TASK BRIEF: Only the lines from the one containing "Immeuble a vendre" to the end of the listing below should be returned, exactly as written and without pictures.

SUPPLIED ENTRIES:
☆ ☆ ☆ ☆

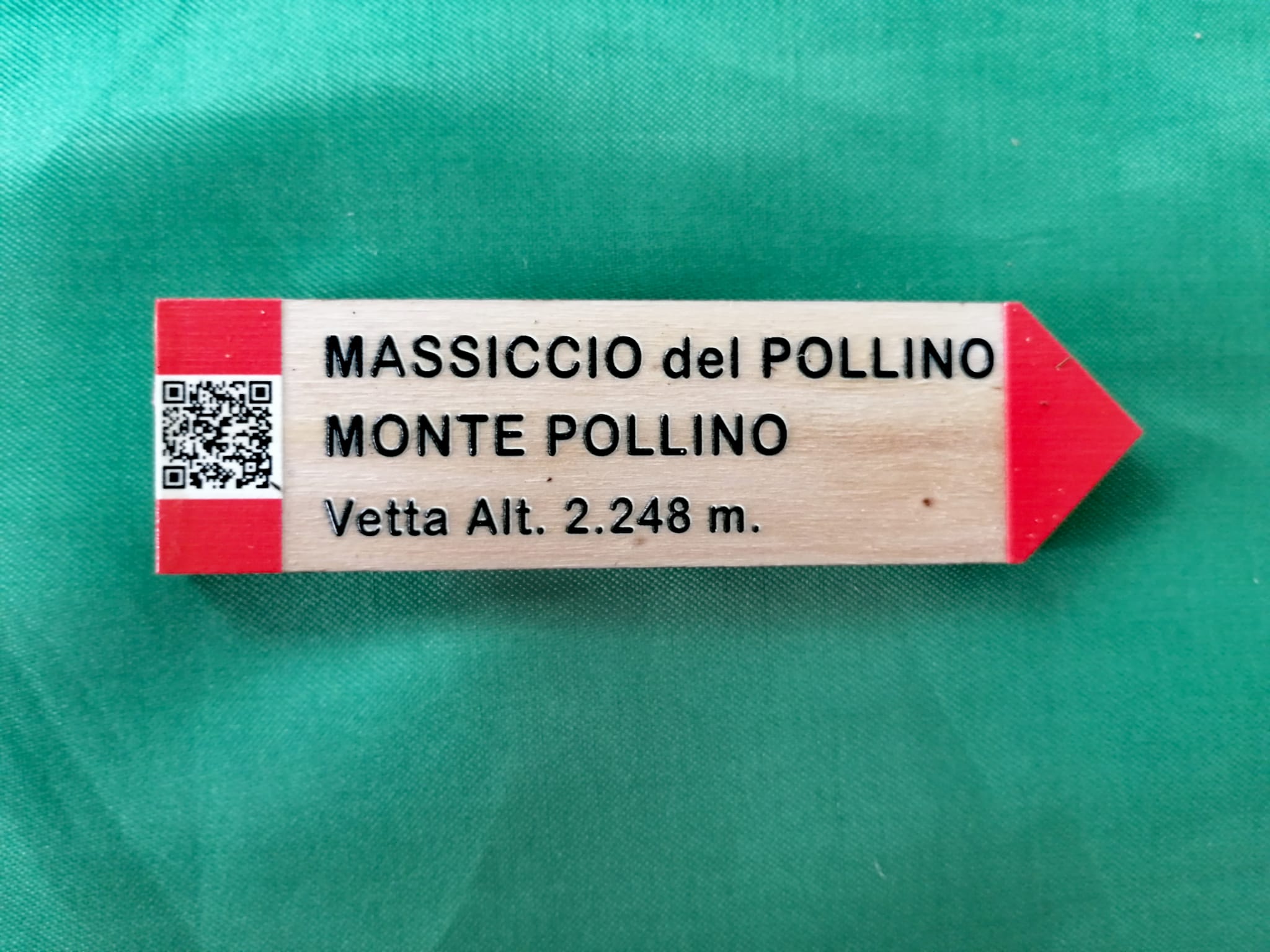 Segnale Magnetico Sentiero Monte Pollino Segnale Magnetico Sentiero - Massiccio del Pollino - Monte Pollino - Vetta Alt. 2.248 m.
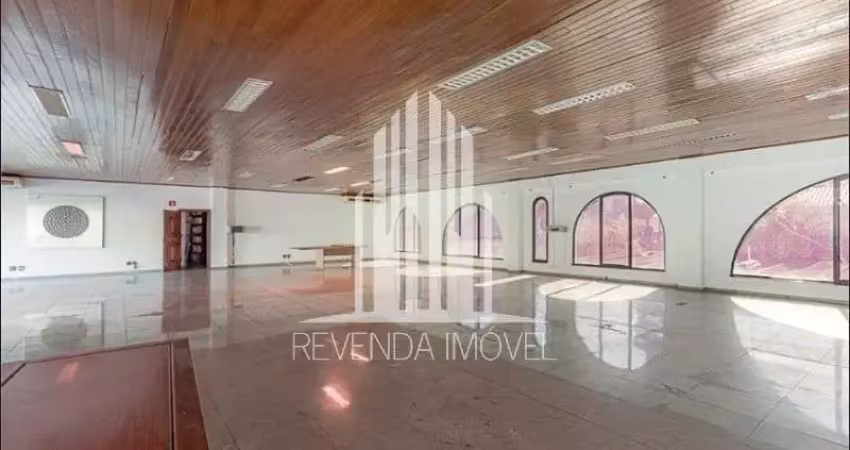 Aluguel de Casa Comercial de Alto Padrão no Jardim Everest, São Paulo-SP: 1 quarto, 15 salas, 7 banheiros, 25 vagas, 1.200m².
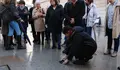 Inaugurada a instalación artística que, ás portas da Audiencia, visibiliza ás 30 mulleres e 2 crianzas asasinadas pola violencia machista na provincia de Pontevedra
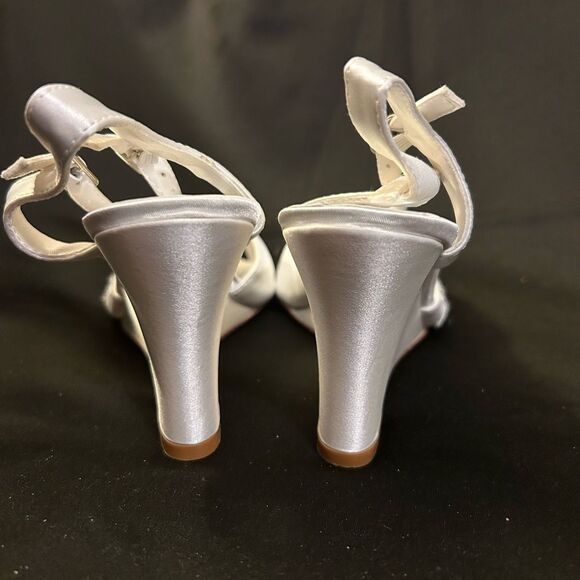 Women’s Satin Lace Peep Toe Flowers Detail Wedge Ankle Strap white size 4 - 4.5 - Picture 7 of 11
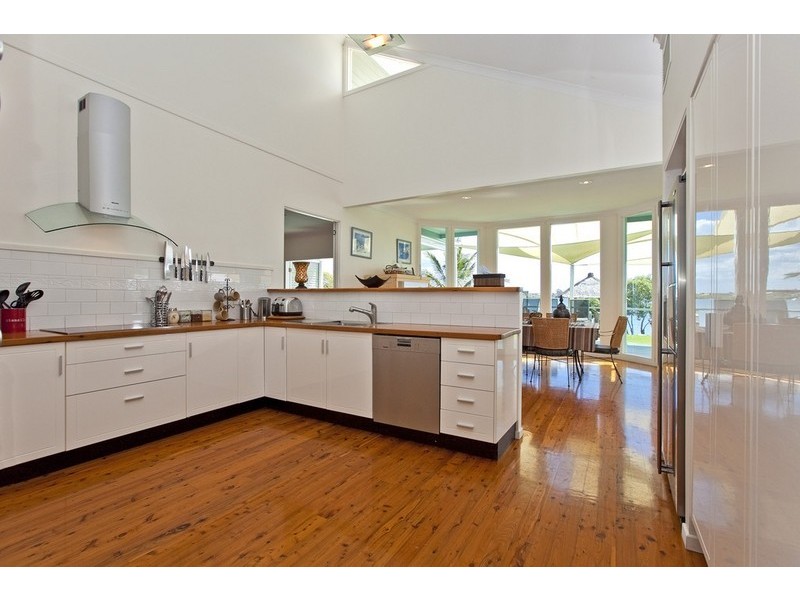 18 Colburn Ave, Victoria Point QLD 4165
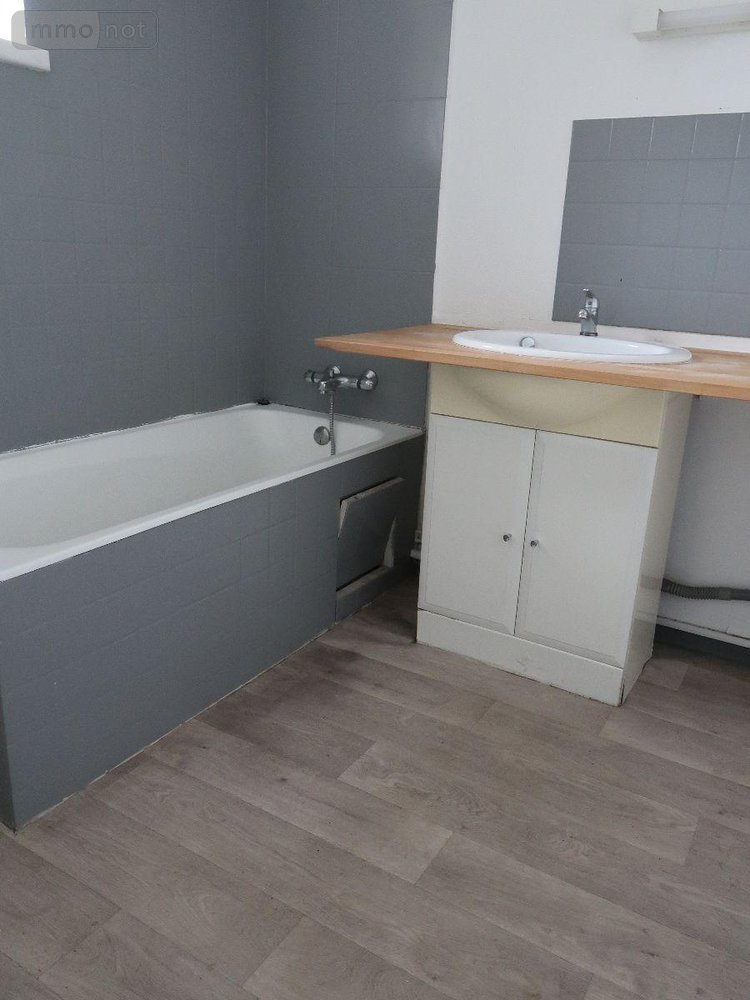 Immeuble a vendre Pleumeleuc 35137 Ille-et-Vilaine 159 m2  213208 euros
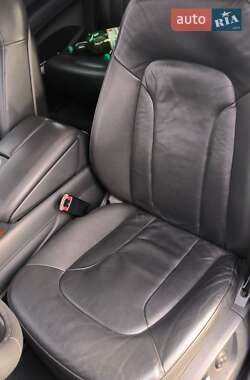 Внедорожник / Кроссовер Audi Q7 2014 в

☆ ☆ ☆ ☆

OUTPUT FOR THIS EXERCISE:
 Immeuble a vendre Pleumeleuc 35137 Ille-et-Vilaine 159 m2  213208 euros
 Внедорожник / Кроссовер Audi Q7 2014 в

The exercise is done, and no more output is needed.